Pour une science humaine du discours. Des affects et des vertus dans la science réflexive


resumo resumo

Marie Anne Paveau



Introduction

Au début d’un ouvrage devenu classique en psychologie et en épistémologie, consacré aux effets du travail de terrain chez les chercheur.e.s et intitulé De l’angoisse à la méthode dans les sciences du comportement, le psychanalyste Georges Devereux[1] résume la thèse du livre, qui sera aussi celle de cet article :

Une science du comportement authentique existera quand ceux qui la pratiquent se rendront compte qu’une science réaliste de l’humanité ne peut être créée que par les hommes qui sont le plus conscients de leur propre humanité, précisément lorsqu’ils la mettent le plus totalement à l’œuvre dans leur travail scientifique (DEVEREUX, 1980 [1967] p. 21).

Cette conception de la science n’est pas la mieux partagée dans nos univers de recherche : je n’ai jamais entendu aucun.e de mes collègues, et en particulier celleux auprès desquel.le.s je me suis formée, présenter l’humanité comme une qualité de la recherche.

Je propose de décrire dans cet article ce que serait cette science réaliste de l’humanité ou cette humanité des sciences humaines (et sociales), dans lesquelles figure bien évidemment l’analyse du discours.

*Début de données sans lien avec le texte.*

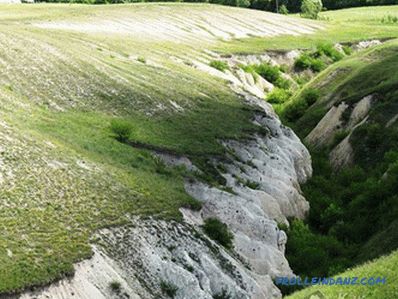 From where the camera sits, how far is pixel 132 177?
2733 centimetres

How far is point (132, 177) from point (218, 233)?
15.2 feet

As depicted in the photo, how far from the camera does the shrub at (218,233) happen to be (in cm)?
2650

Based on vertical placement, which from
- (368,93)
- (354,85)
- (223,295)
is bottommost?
(223,295)

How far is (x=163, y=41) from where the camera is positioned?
7281 cm

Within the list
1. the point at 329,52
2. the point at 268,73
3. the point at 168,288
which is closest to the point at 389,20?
the point at 329,52

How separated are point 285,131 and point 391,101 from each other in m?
8.57

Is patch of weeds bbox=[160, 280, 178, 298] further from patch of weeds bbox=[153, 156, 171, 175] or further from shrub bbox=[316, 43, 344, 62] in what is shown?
shrub bbox=[316, 43, 344, 62]

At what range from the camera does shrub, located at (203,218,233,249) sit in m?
26.5

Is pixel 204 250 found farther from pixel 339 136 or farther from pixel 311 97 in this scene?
pixel 311 97

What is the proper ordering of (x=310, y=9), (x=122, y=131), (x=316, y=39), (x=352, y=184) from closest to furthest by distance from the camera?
1. (x=122, y=131)
2. (x=352, y=184)
3. (x=316, y=39)
4. (x=310, y=9)

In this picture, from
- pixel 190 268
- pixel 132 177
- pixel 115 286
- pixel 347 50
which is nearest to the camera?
pixel 115 286

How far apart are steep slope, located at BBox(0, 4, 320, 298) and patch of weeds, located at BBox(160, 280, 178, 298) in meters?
0.04

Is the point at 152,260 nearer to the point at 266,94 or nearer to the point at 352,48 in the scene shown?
the point at 266,94

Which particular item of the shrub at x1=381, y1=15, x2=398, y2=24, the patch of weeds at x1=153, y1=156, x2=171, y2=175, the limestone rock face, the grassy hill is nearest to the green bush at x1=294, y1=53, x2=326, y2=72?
the grassy hill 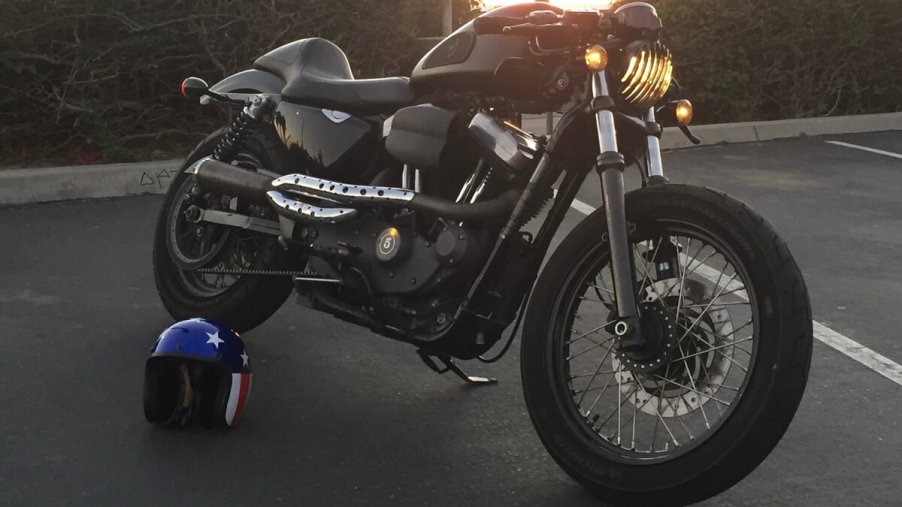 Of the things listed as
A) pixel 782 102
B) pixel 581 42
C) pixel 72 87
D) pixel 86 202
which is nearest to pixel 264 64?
pixel 581 42

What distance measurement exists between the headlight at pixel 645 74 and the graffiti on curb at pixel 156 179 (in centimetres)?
535

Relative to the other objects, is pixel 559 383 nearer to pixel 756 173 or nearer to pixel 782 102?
pixel 756 173

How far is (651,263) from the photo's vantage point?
3.25 m

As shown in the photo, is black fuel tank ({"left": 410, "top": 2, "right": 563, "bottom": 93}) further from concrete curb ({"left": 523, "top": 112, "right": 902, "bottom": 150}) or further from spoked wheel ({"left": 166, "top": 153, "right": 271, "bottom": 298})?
concrete curb ({"left": 523, "top": 112, "right": 902, "bottom": 150})

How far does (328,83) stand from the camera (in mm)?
4289

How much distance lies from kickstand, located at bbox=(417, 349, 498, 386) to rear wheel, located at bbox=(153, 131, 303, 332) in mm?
854

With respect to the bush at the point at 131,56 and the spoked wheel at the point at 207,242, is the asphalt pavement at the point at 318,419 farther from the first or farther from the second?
the bush at the point at 131,56

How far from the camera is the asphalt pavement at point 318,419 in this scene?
3303 millimetres

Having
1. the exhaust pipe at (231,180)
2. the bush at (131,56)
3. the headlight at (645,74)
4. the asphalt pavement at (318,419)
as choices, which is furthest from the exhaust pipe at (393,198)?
the bush at (131,56)

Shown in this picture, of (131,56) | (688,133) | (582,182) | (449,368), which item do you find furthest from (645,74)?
(131,56)

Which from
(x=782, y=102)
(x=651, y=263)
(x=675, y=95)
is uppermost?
(x=675, y=95)

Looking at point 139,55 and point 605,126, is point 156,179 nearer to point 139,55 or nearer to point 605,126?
point 139,55

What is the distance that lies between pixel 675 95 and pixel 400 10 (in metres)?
5.80

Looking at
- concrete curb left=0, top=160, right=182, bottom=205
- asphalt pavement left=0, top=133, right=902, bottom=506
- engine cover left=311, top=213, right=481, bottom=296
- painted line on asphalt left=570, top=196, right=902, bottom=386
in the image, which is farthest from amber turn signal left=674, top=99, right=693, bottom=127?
concrete curb left=0, top=160, right=182, bottom=205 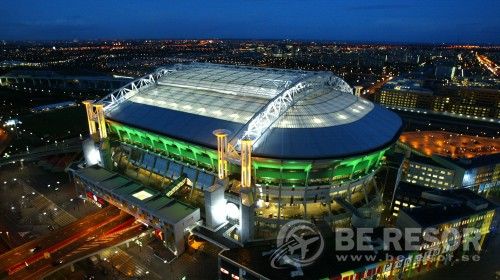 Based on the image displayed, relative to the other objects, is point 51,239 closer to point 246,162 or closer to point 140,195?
point 140,195

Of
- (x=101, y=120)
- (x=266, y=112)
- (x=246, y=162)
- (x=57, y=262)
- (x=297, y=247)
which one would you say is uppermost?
(x=266, y=112)

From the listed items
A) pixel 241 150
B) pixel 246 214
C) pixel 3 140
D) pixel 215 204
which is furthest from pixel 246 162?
pixel 3 140

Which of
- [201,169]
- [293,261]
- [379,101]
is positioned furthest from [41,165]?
[379,101]

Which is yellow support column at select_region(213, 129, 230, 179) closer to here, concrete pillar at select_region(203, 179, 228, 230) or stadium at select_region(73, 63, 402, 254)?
stadium at select_region(73, 63, 402, 254)

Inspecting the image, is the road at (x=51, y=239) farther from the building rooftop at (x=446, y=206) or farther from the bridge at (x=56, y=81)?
the bridge at (x=56, y=81)

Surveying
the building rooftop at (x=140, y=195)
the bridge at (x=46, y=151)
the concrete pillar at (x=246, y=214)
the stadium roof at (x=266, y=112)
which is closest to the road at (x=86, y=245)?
the building rooftop at (x=140, y=195)

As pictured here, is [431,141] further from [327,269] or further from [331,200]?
[327,269] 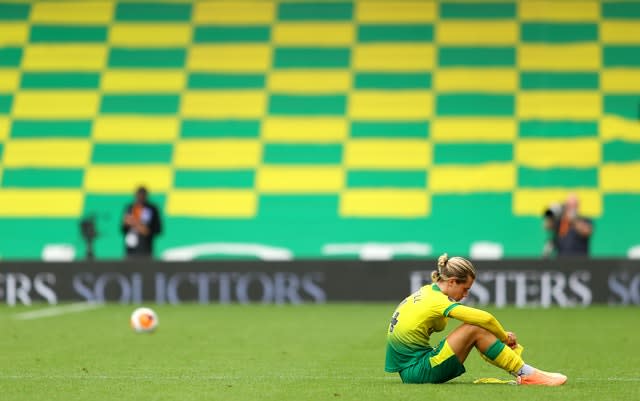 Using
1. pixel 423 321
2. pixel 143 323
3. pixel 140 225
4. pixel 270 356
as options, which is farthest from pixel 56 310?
pixel 423 321

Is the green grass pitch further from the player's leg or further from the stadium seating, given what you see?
the stadium seating

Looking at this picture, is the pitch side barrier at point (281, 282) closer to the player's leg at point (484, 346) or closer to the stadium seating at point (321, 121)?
the stadium seating at point (321, 121)

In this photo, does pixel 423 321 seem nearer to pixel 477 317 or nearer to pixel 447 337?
pixel 447 337

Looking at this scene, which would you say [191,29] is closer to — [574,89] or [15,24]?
[15,24]

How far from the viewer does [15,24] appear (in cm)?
2567

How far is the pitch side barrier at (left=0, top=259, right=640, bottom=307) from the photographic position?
18.9 metres

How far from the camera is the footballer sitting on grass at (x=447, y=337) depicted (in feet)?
27.2

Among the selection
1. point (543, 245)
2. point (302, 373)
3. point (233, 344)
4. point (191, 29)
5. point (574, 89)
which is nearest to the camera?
point (302, 373)

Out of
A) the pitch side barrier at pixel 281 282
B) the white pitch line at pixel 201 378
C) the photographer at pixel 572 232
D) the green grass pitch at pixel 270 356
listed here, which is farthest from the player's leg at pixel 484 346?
the photographer at pixel 572 232

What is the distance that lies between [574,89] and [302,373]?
48.2ft

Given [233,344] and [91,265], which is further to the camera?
[91,265]

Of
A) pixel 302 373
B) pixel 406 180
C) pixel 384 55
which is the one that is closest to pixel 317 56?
pixel 384 55

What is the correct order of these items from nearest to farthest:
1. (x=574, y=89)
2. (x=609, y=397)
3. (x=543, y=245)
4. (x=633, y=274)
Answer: (x=609, y=397) → (x=633, y=274) → (x=543, y=245) → (x=574, y=89)

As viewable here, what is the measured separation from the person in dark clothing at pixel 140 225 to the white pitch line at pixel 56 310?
52.7 inches
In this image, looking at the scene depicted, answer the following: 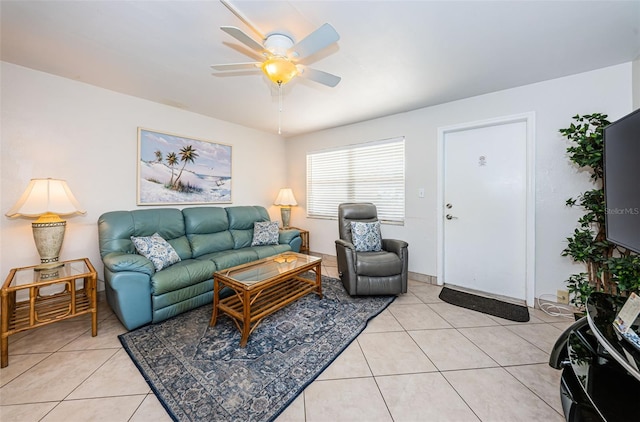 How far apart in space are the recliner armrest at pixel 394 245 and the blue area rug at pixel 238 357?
2.28 ft

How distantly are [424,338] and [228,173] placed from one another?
3351mm

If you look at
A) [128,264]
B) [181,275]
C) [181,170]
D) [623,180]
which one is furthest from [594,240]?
[181,170]

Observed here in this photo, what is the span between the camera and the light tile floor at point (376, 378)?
4.15 ft

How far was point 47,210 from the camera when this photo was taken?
1943 millimetres

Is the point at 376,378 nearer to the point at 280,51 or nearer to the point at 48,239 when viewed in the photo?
the point at 280,51

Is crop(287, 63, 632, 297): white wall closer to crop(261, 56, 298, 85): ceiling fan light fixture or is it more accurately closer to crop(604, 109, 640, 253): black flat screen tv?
crop(604, 109, 640, 253): black flat screen tv

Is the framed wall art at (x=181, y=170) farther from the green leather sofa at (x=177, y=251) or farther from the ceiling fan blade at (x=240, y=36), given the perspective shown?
the ceiling fan blade at (x=240, y=36)

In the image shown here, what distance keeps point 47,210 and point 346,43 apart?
276 centimetres

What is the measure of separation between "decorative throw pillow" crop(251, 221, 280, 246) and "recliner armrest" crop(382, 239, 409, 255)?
5.06ft

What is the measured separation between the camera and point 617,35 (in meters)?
1.71

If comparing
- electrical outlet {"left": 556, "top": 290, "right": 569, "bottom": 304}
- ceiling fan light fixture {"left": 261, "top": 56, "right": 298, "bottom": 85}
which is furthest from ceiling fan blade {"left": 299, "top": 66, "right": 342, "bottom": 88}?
electrical outlet {"left": 556, "top": 290, "right": 569, "bottom": 304}

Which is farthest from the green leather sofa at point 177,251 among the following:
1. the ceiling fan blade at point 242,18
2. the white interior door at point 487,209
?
the white interior door at point 487,209

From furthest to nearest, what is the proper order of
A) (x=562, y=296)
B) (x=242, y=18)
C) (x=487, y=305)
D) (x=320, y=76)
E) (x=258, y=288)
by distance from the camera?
(x=487, y=305), (x=562, y=296), (x=258, y=288), (x=320, y=76), (x=242, y=18)

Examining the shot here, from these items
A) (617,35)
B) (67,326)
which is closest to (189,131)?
(67,326) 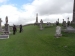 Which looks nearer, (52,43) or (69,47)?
(69,47)

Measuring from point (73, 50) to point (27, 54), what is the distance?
555 cm

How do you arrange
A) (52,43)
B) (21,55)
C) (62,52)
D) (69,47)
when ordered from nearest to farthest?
Answer: (21,55) → (62,52) → (69,47) → (52,43)

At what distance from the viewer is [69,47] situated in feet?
79.6

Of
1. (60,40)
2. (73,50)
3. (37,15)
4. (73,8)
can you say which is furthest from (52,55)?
(73,8)

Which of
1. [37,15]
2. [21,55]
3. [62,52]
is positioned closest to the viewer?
[21,55]

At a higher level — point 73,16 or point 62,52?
point 73,16

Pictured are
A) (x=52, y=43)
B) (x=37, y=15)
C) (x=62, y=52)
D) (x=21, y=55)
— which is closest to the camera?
(x=21, y=55)

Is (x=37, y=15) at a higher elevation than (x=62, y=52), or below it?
higher

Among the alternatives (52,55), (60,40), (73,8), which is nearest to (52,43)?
(60,40)

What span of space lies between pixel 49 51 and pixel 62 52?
1.50 meters

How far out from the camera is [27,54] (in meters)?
21.0

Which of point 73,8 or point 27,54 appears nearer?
point 27,54

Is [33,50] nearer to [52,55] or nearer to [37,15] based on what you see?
[52,55]

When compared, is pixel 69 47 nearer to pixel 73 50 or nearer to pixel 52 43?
pixel 73 50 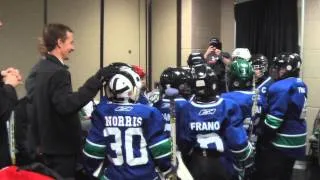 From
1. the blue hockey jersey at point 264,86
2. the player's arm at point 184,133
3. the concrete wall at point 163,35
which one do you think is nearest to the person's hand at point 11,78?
the player's arm at point 184,133

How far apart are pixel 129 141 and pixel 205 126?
579mm

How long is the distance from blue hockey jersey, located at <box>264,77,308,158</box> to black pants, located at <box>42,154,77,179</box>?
1.83m

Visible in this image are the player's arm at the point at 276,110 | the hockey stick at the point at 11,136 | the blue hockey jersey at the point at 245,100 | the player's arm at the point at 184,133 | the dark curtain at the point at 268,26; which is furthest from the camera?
the dark curtain at the point at 268,26

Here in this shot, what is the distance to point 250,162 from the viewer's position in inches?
143

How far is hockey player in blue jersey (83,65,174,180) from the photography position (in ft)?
9.09

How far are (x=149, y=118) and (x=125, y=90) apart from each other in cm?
21

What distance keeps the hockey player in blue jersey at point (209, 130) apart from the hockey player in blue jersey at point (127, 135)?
369mm

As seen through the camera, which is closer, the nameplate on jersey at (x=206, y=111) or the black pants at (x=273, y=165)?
the nameplate on jersey at (x=206, y=111)

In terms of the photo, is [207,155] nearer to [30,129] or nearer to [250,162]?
[250,162]

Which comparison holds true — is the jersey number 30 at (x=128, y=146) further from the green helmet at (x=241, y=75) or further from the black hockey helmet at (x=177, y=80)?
the green helmet at (x=241, y=75)

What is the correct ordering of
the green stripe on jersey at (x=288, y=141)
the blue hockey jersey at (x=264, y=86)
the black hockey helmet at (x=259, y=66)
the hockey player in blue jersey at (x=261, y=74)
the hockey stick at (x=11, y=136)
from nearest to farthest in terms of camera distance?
the hockey stick at (x=11, y=136) < the green stripe on jersey at (x=288, y=141) < the blue hockey jersey at (x=264, y=86) < the hockey player in blue jersey at (x=261, y=74) < the black hockey helmet at (x=259, y=66)

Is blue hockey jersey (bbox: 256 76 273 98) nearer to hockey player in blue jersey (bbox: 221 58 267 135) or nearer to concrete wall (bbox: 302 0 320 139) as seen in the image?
hockey player in blue jersey (bbox: 221 58 267 135)

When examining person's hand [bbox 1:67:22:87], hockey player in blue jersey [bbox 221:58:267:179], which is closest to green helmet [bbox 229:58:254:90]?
hockey player in blue jersey [bbox 221:58:267:179]

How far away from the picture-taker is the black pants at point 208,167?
3174 mm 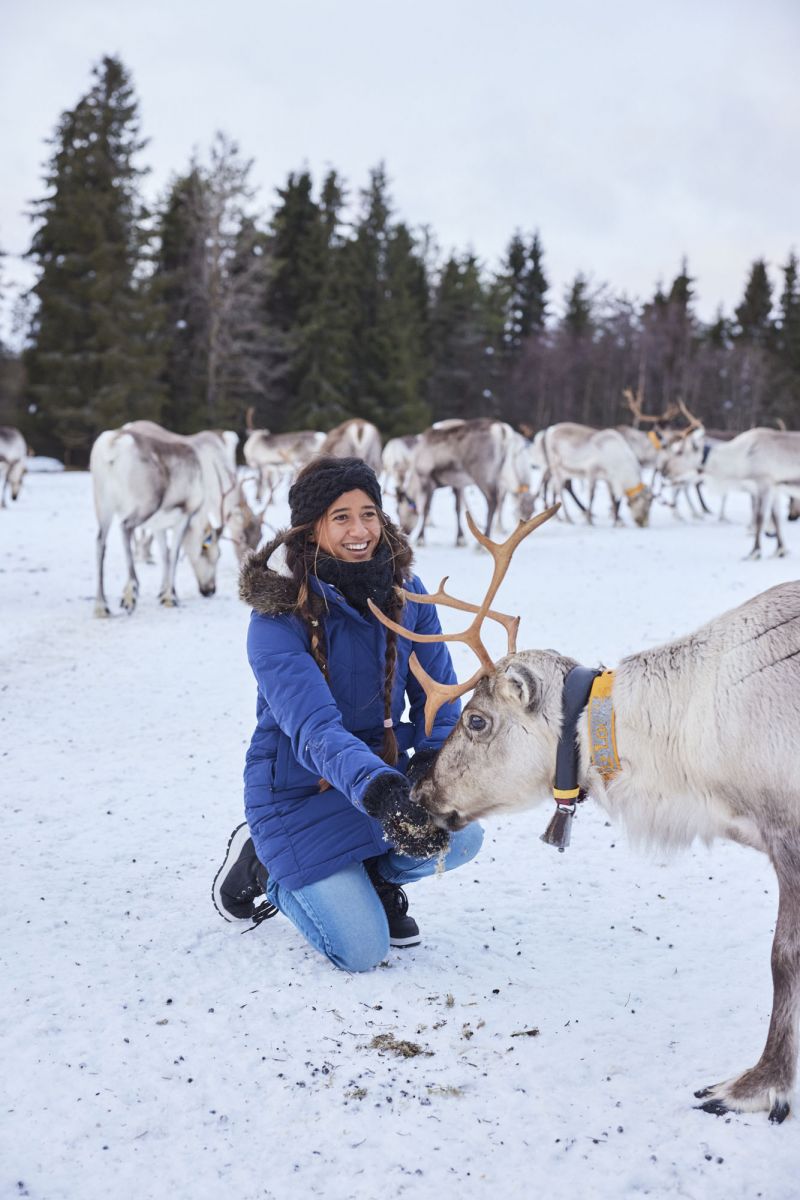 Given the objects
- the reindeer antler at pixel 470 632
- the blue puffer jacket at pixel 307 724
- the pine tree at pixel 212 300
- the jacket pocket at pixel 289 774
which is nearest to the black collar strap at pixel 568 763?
the reindeer antler at pixel 470 632

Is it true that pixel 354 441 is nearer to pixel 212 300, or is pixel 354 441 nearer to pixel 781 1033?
pixel 781 1033

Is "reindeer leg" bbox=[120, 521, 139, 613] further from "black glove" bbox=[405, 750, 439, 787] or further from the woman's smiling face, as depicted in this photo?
"black glove" bbox=[405, 750, 439, 787]

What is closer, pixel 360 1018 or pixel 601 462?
pixel 360 1018

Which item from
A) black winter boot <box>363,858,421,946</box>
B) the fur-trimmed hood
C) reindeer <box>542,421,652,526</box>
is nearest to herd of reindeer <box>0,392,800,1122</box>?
the fur-trimmed hood

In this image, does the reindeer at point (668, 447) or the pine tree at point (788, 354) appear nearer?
the reindeer at point (668, 447)

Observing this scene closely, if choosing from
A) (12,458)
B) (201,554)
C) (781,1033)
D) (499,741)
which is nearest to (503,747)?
(499,741)

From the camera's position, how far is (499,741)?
264cm

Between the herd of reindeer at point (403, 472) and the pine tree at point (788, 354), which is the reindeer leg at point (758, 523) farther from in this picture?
the pine tree at point (788, 354)

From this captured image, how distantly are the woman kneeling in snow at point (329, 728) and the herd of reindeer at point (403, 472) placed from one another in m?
0.48

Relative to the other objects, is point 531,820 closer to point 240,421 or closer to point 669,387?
point 240,421

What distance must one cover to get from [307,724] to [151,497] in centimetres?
638

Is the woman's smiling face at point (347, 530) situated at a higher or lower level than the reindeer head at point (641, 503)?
lower

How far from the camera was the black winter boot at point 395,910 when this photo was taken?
3.03m

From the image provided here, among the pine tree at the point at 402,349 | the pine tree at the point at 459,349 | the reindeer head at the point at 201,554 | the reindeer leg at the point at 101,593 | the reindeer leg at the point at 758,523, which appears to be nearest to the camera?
the reindeer leg at the point at 101,593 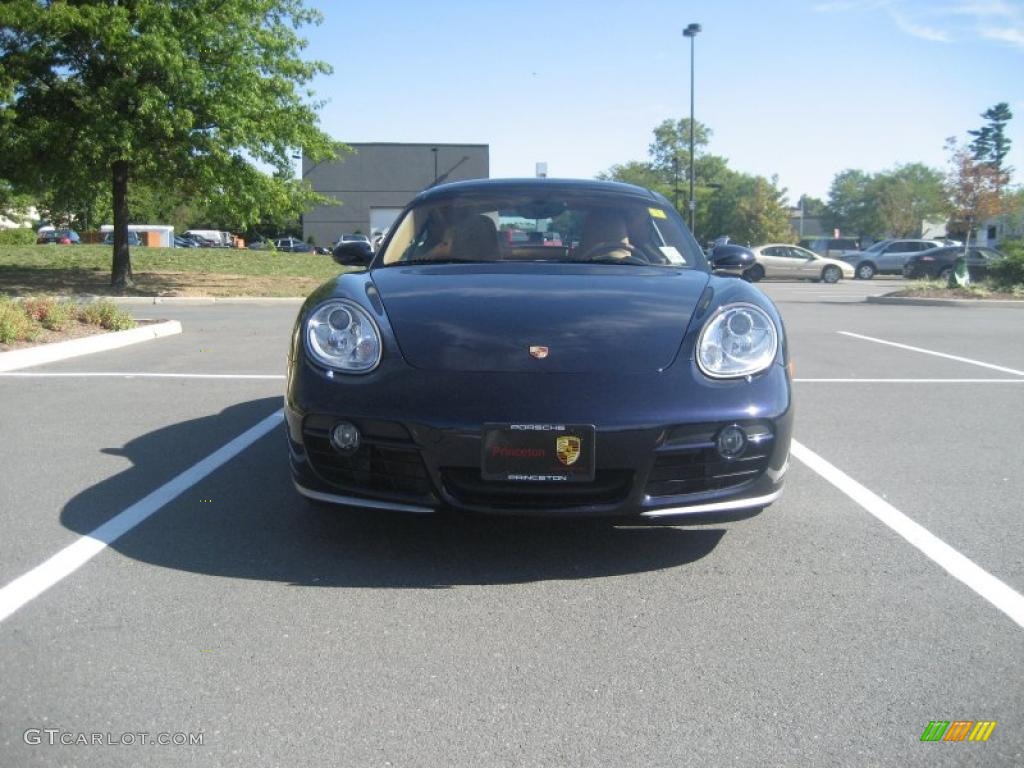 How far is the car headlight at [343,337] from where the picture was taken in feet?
11.2

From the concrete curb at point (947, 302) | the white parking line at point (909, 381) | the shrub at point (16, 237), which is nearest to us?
the white parking line at point (909, 381)

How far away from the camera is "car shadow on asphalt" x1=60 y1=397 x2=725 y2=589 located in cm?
342

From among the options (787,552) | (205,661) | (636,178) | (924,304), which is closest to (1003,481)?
(787,552)

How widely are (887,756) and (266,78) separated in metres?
19.0

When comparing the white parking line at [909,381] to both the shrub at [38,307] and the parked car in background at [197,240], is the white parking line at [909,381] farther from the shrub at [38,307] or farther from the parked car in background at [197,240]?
the parked car in background at [197,240]

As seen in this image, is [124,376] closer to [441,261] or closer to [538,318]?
[441,261]

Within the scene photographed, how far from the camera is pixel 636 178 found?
72.9 m

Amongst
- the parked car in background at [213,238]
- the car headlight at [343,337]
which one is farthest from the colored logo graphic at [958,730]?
the parked car in background at [213,238]

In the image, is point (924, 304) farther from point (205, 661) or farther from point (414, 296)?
point (205, 661)

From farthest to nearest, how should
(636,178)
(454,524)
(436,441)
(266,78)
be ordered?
(636,178) < (266,78) < (454,524) < (436,441)

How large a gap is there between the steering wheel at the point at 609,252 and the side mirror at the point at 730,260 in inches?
19.6

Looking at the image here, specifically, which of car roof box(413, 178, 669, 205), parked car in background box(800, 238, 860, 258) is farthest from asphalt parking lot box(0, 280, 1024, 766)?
parked car in background box(800, 238, 860, 258)

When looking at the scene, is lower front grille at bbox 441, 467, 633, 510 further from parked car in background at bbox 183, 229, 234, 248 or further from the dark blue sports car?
parked car in background at bbox 183, 229, 234, 248

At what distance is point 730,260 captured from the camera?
16.4ft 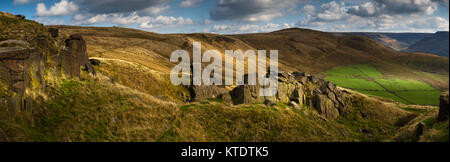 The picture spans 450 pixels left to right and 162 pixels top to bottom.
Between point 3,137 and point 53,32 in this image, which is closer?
point 3,137

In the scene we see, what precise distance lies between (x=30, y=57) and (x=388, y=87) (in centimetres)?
15805

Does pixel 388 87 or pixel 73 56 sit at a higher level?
pixel 73 56

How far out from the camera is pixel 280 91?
140 feet

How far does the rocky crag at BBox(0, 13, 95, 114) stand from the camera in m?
21.3

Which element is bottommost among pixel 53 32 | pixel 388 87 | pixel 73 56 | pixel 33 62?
pixel 388 87

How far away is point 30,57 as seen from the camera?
23641 mm

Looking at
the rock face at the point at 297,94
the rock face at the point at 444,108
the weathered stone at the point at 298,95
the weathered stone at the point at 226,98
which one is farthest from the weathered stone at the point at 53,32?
the rock face at the point at 444,108

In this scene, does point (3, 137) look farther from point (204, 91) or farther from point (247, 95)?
point (204, 91)

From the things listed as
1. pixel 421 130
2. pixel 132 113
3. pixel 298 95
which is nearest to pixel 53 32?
pixel 132 113

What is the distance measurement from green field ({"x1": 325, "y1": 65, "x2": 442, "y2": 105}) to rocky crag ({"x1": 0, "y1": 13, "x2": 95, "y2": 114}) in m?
123

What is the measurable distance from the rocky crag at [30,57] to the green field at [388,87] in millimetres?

Pour cela, je ferai intervenir des notions encore peu mobilisées dans nos territoires scientifiques comme les affects, les vertus ou la réflexivité. C’est un texte qui s’appuie sans doute davantage sur le désir et l’utopie que sur des possibilités immédiates de réalisation. Mais le désir et l’utopie sont de puissants moteurs d’invention, dont la recherche a besoin pour se renouveler.

 

1. Une science réaliste de l’humanité

Pris.e.s dans une tradition scientifique objectivisante et dualiste (intellect vs affect, et par conséquent scientificité vs humanité ?), nous devons faire un (assez grand) pas de côté si nous voulons que la science soit, réellement et profondément, humaine. En tout cas j’ai choisi de le faire depuis assez longtemps, et donc d’encourir le plus sereinement possible les remarques du type : « mais c’est du journalisme ! » ou le « mais ce n’est pas de la linguistique… » de celleux qui ne savent définir le travail des autres qu’avec des comparants méprisants ou des adverbes de négation. Mes terrains de recherche m’amenant vers les corps-discours protestataires ou (ré)habilitants des



[1] Georges Devereux, anthropologue et psychanalyste, est considéré comme le fondateur de l’ethnopsychalyse, en particulier à partir d’un long terrain aux États-Unis, chez les indiens Mohave, mais surtout de sa rencontre avec Jimmy Picard, appartenant à la tribu des Pieds-noirs, dans une clinique du Kansas. De cette cure sortira en 1951 l’un de ses livres les plus célèbres, Psychothérapie d'un indien des plaines : réalités et rêves, précédant De l’angoisse à la méthode dans les sciences du comportement écrit en 1967.